Mas no fim do inverno, naquele céu cinza ponteado de azul,no sol baixo dando brecha ao escuro, vi aquela luz acender. Vi coisas que pareciam tão concretas se quebrarem. Senti o rompimento com aquele passado amargo e aquele silêncio insano. Senti também a reconciliação com todos que um dia partiram. Mas a vida estava prestes a mudar. E não haveria meio de estancar a esperança adquirida. Assim também viera afirmar a chuva que,naquele momento, torrencialmente caía.

sábado, 27 de junho de 2009

Cinzas...


Estava num olhar perdido que sob a luz e a roupa cinza,me transmitiam uma visão do sagrado. Dormia por sobre este mesmo azul de olhos marejados de incompreensões. Era a cor que exalava uma essência de um ser contraditório. E falar a palavra cinza me fazia estimar a dor de não poder segurá-la contra mim. Dispersas eram as sensações, mas imensas ,imensuráveis. Apareceram também quando depois do calor de tantas trocas, algumas coisas sobraram. Sobrara o vazio de querer a atenção daquele intenso fogo que almas irmãs alimentaramm. E que não mais se saciam,por sobrar a impossibilidade de estarem juntas. Sobrava a descrença em um futuro promissor. E insistentemente sobrava a tristeza por ver mudada a face branca de paz profunda em negro -cinza,que se afastava de mim. Em cinza ficou aquela impressão de que poderia ter sempre aquela mesma pessoa com quem contar. Cinza o meu amor, retrato de grandes chamas, resultado de grandes decepções que fiz valer. A auto afirmação riscou o fogo da transformação, o medo de não suportar a vida, de não mudança,alimentaram as labaredas. E transformou-se em fim o que eu supunha eterno. Sem clareza de detalhes, sem as tonalidades esperadas, com a separação certeira de luz e sombra,ofertou-me a sombra das dúvidas que um dia esperei nunca ter. A vivacidade,o ardor,a impetuosidade de ser o que se é,de amar intocavelmente... Eram, agora,cinza apenas.

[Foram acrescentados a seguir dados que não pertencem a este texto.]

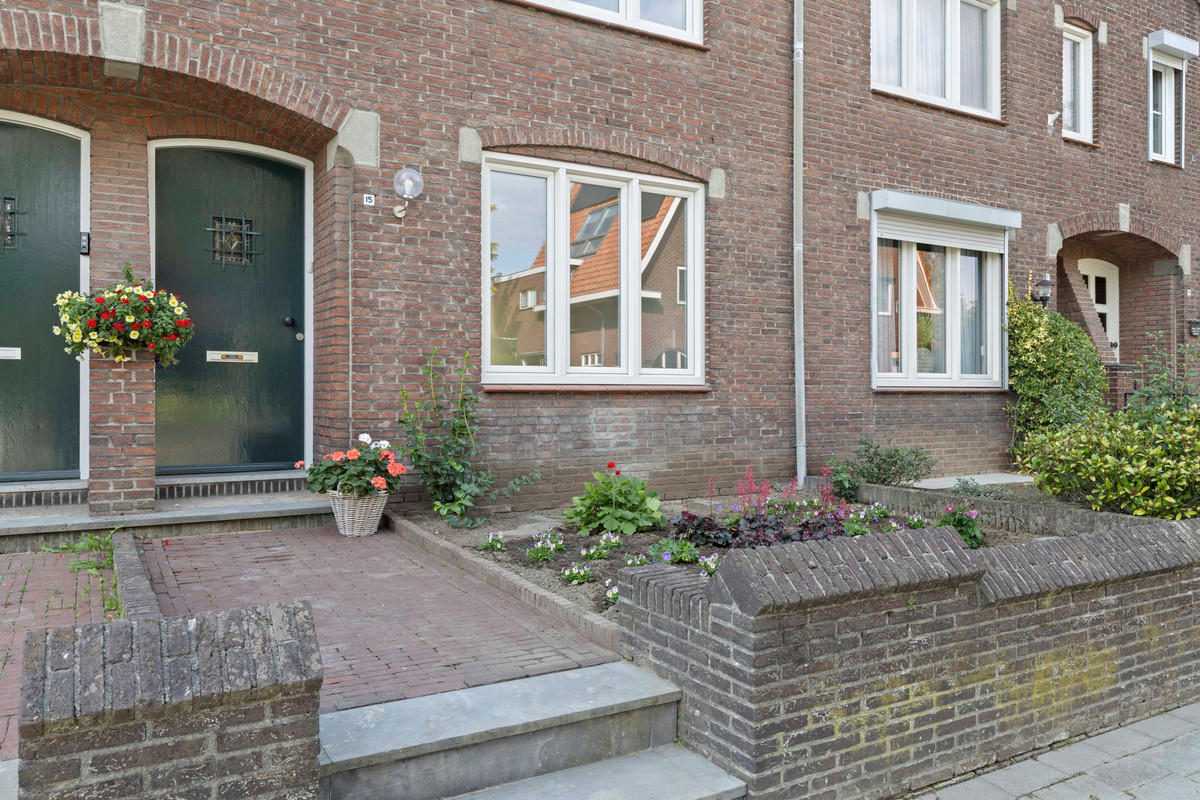 Tussenwoning te koop: Kenzenstraat 15, Steyl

domingo, 24 de maio de 2009


Naquela réstia de manhã resolvi arrumar o que estava por vir. Era uma atitude engraçada, apostar no que não se vê e andar pelo fio dos dias como quem supõe. O ânimo e a visão das coisas tinham mudado, sofriam interferências do caos externo que os olhos acompanhavam todos os dias. De águas factuais estagnadas que viravam lágrimas por sentir ausência. Ainda assim, algo me trazia ao centro, como quem puxa do alto de uma árvore,uma criança amedrontada. Alguém já estabeleceu o que é suficiente? É estranho notar que a gente se esquece,quando imersa em pensamentos vãos, a grandiosidade da companhia e da amizade daqueles que nos mostram o caminho do centro a todo momento. A inquietação para viver nos impede de vivenciar como quem registra,o carinho e a atenção de que somos alvo por parte daqueles que nos amam. E esquecer, é amontoar coisas inúteis. É manter nos armários os sapatos gastos dos caminhos tortuosos que me fizeram chegar aqui. Livrar-me deles,é uma opção. Permitir secar as lágrimas que me escureceram a visão do possível,do que depende de mim, e do que a consciência faz maltratar inutilmente. Um paradoxo. Há gastos de energia que não levam a lugar nenhum. Um desperdício dos dons,uma contradição. Saber-se amada,e não se sentir digna, ver o amor, e não saber retribui-lo como quem é majestosamente grata. Dizer não ao encontro, à visita, às conversas. Era um isolamento preciso,para reencontrar-se,mas não necessário,para não negar a vida em sua forma simples e de agora. Apesar da tristeza, abrir as janelas, convidar a me ser novamente quem sou. É um dos planos de uma clara manhã cujo brilho espero não esquecer.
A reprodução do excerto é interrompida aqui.